Living mainly with their archaic farming oriented parents on both sides of Lake Kainji, North-West, Nigeria in areas such as Agwara, Rofia, Papiri, Guffanti, Mago, Luma, Babana, Wawa, Nasko, Sabon Fegi, Ibi and Zurguma in Niger State and in places like Yauri, Buirnin Yauri, Ngaski and Kwanji in Kebbi State, these children who can neither read or write English and even their closest language, Hausa, daily wish they can be like those children they usually heard of in the big cities.
An example of such Kamberi community is Dorowa Al-Barka and its cluster of communities such as Tongu Bio, Wadata, Kona, where most of the children don’t go to school. The few that are ‘fortunate’ enough to attend the often small mushroom school that are inadequate and far away from them are been taught in Kamberi and are mostly boys.
Girls education is more like a taboo in these places, as they would rather prefer to prepare the girls for early marriage another common phenomenon among them than get them basic education while the first child of every family whether boy or girl are forbidden from going to school.
Education has been rare in the history of these people who are among the poorest of the poor on the continent of Africa and arguably the most educationally disadvantaged among the already disadvantaged tribes in Northern Nigeria.
One school can serve 5 to 10 communities which are far from each other and this are only functional during the dry season. The education in these communities is that of a dry season school. Most of the children don’t go to school in the wet season as all the roads and paths leading to the village where the school is will be cleared off and impassable.
With so much passion and eagerness to learn couple with the ingenuity of the Kamberi people who are semi-nomadic which means many of the children homes can be hundreds of mile from the closets school to them.
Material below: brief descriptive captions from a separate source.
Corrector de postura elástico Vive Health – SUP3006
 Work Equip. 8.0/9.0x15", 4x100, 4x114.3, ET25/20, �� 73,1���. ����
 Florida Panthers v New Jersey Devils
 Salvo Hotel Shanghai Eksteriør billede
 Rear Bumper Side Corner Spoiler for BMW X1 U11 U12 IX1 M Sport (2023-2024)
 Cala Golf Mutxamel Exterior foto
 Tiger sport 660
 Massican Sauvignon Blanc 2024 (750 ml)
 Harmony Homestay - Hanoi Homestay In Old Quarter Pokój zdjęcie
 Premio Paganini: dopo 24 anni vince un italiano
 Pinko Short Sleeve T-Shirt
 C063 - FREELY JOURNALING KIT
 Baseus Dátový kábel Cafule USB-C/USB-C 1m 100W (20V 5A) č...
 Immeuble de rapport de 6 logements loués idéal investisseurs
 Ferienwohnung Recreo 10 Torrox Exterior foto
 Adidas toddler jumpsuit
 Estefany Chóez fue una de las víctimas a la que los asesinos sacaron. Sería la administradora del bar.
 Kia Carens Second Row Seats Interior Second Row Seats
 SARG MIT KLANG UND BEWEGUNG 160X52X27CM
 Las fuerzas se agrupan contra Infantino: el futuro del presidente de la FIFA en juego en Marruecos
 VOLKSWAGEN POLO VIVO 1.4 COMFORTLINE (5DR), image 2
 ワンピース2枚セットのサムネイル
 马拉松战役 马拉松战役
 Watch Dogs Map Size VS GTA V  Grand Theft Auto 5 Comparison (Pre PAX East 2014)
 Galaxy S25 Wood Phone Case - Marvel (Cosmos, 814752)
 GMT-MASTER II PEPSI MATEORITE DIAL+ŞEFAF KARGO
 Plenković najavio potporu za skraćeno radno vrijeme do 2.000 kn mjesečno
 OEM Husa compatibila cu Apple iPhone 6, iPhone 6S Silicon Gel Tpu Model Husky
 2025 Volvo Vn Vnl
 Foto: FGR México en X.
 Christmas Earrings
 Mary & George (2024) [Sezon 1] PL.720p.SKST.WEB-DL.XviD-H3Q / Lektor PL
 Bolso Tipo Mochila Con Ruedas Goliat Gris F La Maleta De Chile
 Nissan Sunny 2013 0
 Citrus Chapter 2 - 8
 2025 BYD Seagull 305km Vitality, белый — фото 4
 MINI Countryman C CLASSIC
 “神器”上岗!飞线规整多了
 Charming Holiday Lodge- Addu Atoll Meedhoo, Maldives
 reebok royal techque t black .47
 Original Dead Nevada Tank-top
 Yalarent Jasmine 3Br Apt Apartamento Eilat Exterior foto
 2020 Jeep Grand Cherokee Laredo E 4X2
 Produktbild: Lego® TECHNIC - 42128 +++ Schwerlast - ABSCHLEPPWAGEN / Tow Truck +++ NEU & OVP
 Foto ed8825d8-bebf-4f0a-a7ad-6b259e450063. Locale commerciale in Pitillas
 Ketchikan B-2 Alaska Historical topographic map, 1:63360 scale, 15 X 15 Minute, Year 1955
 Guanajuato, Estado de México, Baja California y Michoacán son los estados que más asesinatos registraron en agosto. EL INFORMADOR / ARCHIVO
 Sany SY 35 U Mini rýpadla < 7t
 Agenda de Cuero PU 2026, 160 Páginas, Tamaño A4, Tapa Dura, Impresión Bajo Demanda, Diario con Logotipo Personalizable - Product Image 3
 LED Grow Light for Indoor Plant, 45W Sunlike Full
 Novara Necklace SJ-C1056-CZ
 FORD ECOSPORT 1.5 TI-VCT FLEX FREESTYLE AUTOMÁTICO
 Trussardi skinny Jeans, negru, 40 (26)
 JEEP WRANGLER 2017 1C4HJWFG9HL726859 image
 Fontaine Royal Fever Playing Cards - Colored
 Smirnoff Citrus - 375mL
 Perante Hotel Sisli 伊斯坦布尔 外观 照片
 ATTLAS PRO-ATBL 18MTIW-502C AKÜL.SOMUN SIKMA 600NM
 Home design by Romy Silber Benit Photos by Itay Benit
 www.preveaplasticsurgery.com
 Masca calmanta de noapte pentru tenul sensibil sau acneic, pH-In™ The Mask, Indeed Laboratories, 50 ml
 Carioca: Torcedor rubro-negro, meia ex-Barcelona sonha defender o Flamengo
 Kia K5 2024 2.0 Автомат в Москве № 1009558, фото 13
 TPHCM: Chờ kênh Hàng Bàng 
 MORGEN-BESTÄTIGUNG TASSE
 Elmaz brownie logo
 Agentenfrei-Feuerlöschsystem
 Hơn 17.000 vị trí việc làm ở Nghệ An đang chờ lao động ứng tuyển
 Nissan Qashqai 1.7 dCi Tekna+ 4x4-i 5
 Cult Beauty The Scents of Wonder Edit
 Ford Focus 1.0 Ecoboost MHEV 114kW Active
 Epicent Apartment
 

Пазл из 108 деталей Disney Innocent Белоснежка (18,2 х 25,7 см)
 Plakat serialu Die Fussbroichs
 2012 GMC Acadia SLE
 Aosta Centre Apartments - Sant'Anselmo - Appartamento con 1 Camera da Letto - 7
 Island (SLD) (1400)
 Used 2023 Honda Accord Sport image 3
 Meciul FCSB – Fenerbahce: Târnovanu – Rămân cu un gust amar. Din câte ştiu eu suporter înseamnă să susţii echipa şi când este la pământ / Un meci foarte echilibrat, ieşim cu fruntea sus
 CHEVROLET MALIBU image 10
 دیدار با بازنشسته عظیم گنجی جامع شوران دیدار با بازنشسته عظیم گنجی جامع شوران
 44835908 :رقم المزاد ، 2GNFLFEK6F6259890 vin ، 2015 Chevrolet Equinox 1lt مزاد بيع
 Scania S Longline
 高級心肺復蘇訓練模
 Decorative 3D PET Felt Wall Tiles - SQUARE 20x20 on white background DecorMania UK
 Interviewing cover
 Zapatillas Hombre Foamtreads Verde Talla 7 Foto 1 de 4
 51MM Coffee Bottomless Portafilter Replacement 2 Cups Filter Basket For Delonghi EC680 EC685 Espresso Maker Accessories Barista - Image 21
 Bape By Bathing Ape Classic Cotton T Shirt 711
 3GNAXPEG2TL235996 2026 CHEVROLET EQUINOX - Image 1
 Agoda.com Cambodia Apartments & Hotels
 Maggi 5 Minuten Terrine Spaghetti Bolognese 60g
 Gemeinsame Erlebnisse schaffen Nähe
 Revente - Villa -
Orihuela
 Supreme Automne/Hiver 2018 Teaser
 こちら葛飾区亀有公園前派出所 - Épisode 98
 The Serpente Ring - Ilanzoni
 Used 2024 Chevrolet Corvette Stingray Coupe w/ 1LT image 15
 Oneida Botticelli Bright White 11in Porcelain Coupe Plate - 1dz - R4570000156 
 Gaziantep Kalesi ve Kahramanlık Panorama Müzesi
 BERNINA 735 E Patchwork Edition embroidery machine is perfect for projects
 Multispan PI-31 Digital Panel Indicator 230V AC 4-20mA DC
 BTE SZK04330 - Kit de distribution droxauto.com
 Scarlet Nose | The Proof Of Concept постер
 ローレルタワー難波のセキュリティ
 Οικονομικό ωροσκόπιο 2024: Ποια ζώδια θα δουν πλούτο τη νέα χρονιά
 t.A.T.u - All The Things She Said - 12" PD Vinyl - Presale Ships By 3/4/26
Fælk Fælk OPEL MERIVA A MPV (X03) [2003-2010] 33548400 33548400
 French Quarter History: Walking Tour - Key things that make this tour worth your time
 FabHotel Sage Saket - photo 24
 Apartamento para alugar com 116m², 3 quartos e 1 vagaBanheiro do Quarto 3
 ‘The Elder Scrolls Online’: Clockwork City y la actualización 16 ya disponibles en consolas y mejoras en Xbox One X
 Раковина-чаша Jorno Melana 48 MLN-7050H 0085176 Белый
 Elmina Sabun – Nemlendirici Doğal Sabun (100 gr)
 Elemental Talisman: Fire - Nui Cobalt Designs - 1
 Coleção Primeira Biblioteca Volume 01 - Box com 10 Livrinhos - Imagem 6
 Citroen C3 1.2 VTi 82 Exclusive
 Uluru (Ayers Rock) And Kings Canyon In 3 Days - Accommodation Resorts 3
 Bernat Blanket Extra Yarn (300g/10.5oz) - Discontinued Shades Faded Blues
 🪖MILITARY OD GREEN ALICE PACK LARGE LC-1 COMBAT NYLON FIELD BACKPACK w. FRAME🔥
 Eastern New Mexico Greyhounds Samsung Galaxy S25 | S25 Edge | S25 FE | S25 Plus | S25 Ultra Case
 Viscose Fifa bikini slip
In this age of increasing agitation for compulsory and free education for all children, in the hundreds of Kanmberis communities across the Niger region farming and animal rearing is the education that the average male child is exposed to while the females are aware that their own education from an early age will be in their young husband houses.
The Kamberis need education. Efforts need to be channel towards making it available to them though the terrain to where they live could be difficult to get to especially during the rainy season. If the country really wants to meet the MDG goal on education by 2015, then the education of Kamberi children and others in that region can surely takes us there.
The children of Kamberi have been seriously disadvantaged throughout the generations with alarming rate of illiteracy across board. There is an urgent need for the government and organisation at all levels to help salvage the pains of the children of Kamberis tribe and the people will for generations be grateful for that.